Our results showed major discordance between second-opinion and outside reports for majority of the studied criteria (Table 1). For example, the lack of agreement for accurate anatomic description of anatomical sites of disease makes it difficult for clinicians to judge the extent of disease at staging, and also to compare findings at baseline with findings upon follow-up. In addition, outside report often lacked confidence in differentiating between benign and malignant FDG uptake on scans, and often did not elaborate on potential differential diagnoses for FDG uptake in a particular location, such as lung, skeletal muscle, or bone marrow. This uncertainty would have led to further (often unnecessary) radiologic imaging studies to work-up “equivocal” sites of FDG uptake, leading to potential delay in care, and additional patient exposure and cost. Such additional studies were recommended rarely be second opinion readers.
For follow-up scans, residual FDG uptake is characterized using modern scoring systems,[1,15] which rely on comparison with reference regions in the same scan and reporting of SUV numbers. We found only a slight agreement in the ability to derive a particular score form the 5-point scales when comparing outside and second opinion reports (Κ = 0.024) because most of the outside reports failed to provide the lesion with the highest SUVmax and the SUVmax at sites of residual disease (Κ = –0.016) or failed to include the comparison with FDG uptake in reference regions in mediastinum and liver (Κ = 0.082).
Interestingly, outside and second-opinion reports were also discordant regarding disease stage in 26 of the 72 patients (36%) (weighted Κ = 0.674), with sometimes considerable potential impact on patient management (eg, as shown in Figs. 4 and 5).
Again, second-opinion interpretations were found to be more accurate and clinically relevant. Oncologists appreciated the fact that second-opinion reports were more structured, with 97% of reports receiving a grade of 4 or 5 as compared with outside reports in only 44% (P < .001). Some of the limitations noted in outside reports could be remedied easily by local radiologists and nuclear medicine physician reading PET scans if they were familiar with patterns of disease spread and differential diagnoses, and applied contemporaneous criteria to their interpretation of scans.
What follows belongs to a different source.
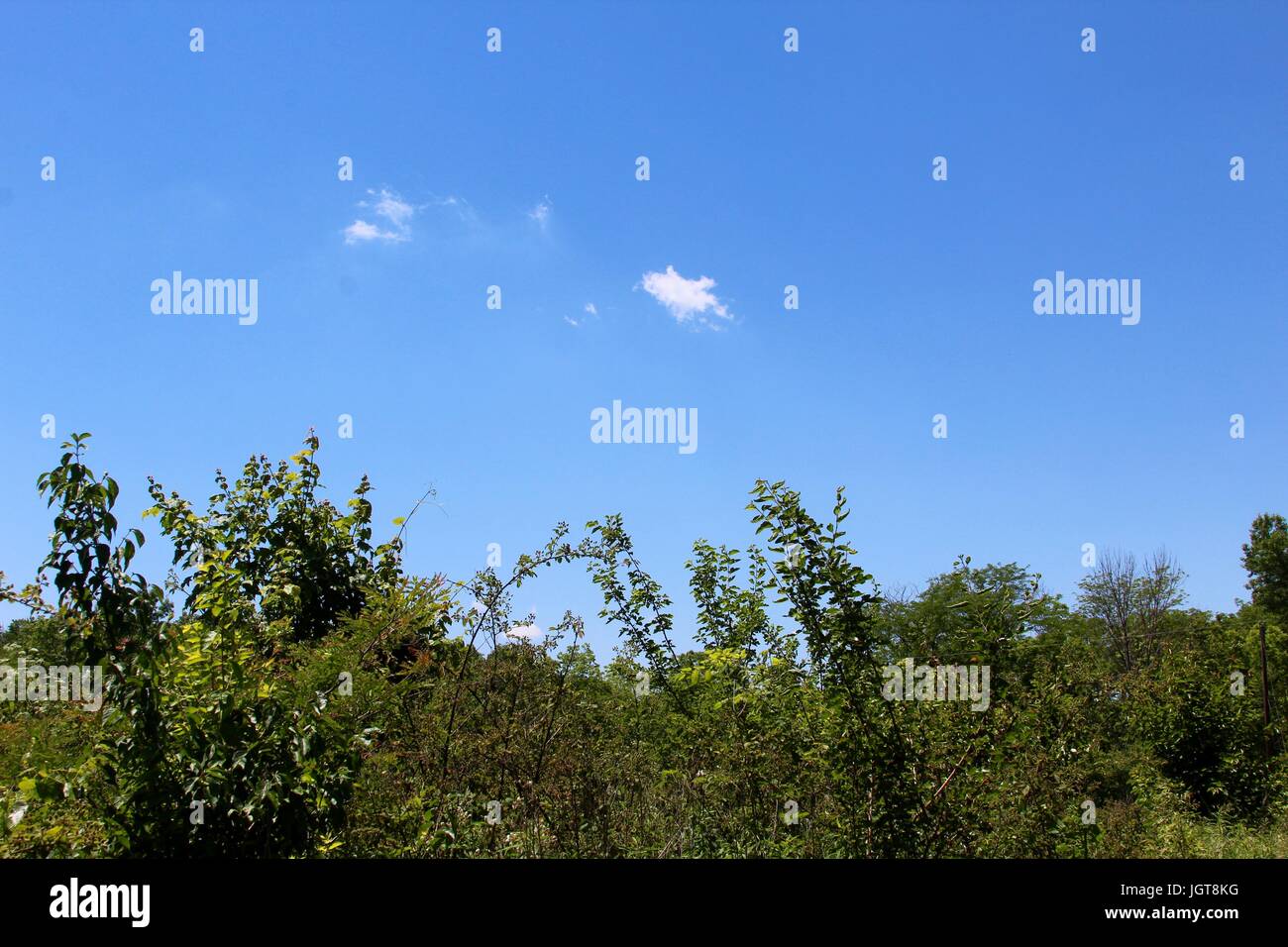 Il campo da baseball e i laghi del parco in un pomeriggio soleggiato giorno. Foto Stock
In addition, the use of structured and standardized reporting is gaining favor because of its reproducibility and easy read by the referring physicians. Schwartz et al[16] showed that structured radiology reporting might improve patient care by increasing clarity and thoroughness in the communication of imaging findings to referring physicians. When such reports are developed with input from interdisciplinary clinical teams, they receive significantly higher mean ratings for clarity and content by referring physicians when compared with conventional (unstructured, free flowing language) radiology reports. Therefore, we have been using structured reporting for several years in our institution.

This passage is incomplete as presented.